Information provided -
****

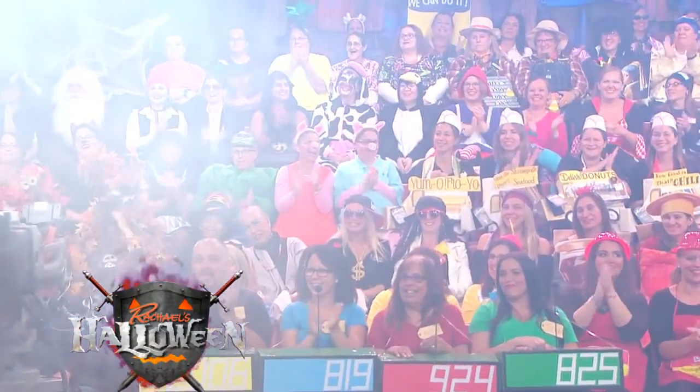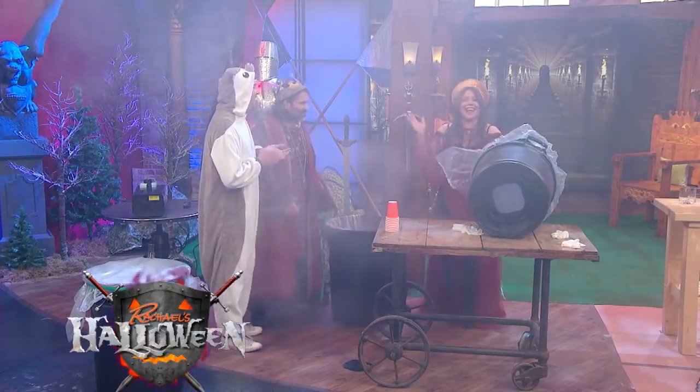All right, I broke my cannon. Now we're gonna play a little game, though. I do like science!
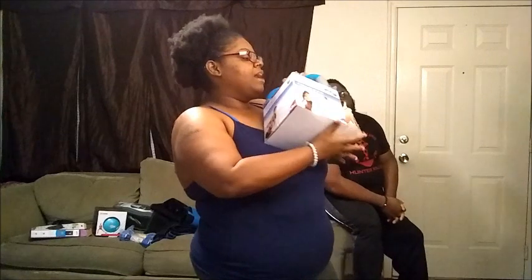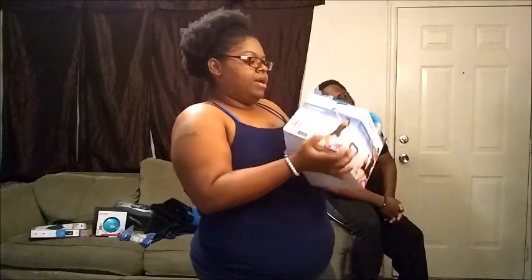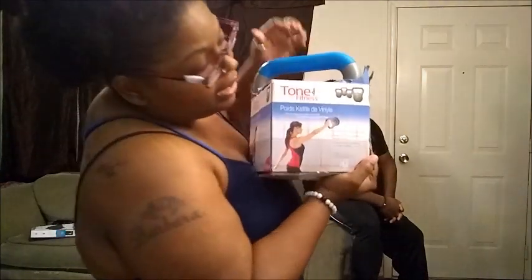Last but not least, I got a kettlebell. This is a 10-pound kettlebell. As you can see, it comes in many colors — green, purple, pink, and blue. I got this from Walmart.com as well. When I got it, it was on sale for $7.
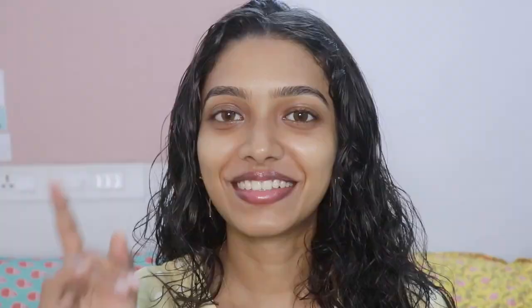That's it you guys! I hope you enjoyed the video. If you did, please don't forget to like and subscribe to my channel — it means a lot to me. See you in my next one. Till then, take care. Bye bye and God bless you.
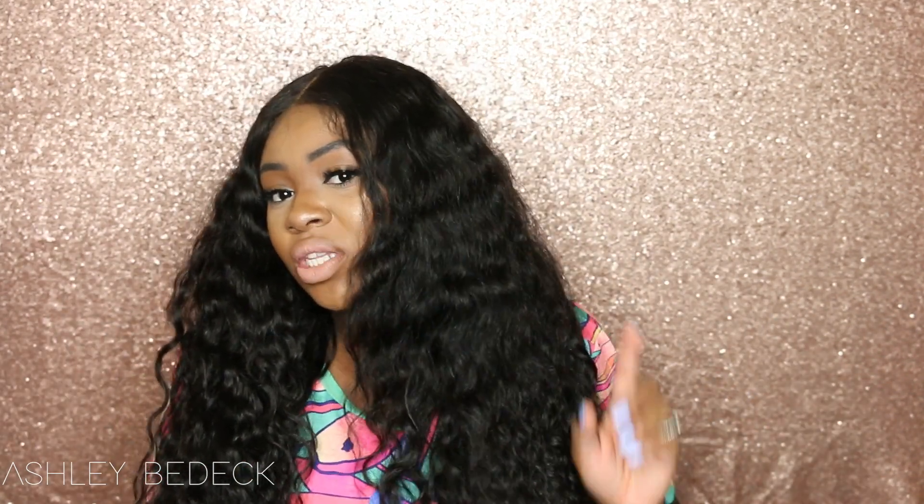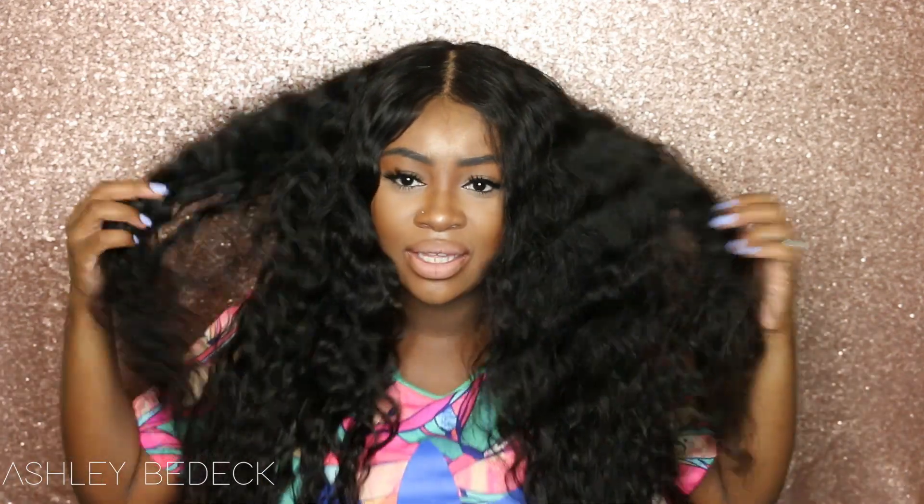I kind of wish I would have sewn this wig together instead of doing the hot glue gun method because I do love this hair so much. But I have all of the information listed down below — the first initial review, the updated review that also doubles as a tutorial, and all the links to get to West Kiss and this hair, including exactly what lengths I have. Again, this is the hot glue gun method so it is glued to a cap, not sewn down. There is a 4x4 closure, not a frontal.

****

What the task requires -
Above is the material; set down exactly its lines from the one containing "Last but not" down to the one containing "That's it you", both included, leaving out any pictures.

Result -
Last but not least, I got a kettlebell. This is a 10-pound kettlebell. As you can see, it comes in many colors — green, purple, pink, and blue. I got this from Walmart.com as well. When I got it, it was on sale for $7.
That's it you guys! I hope you enjoyed the video. If you did, please don't forget to like and subscribe to my channel — it means a lot to me. See you in my next one. Till then, take care. Bye bye and God bless you.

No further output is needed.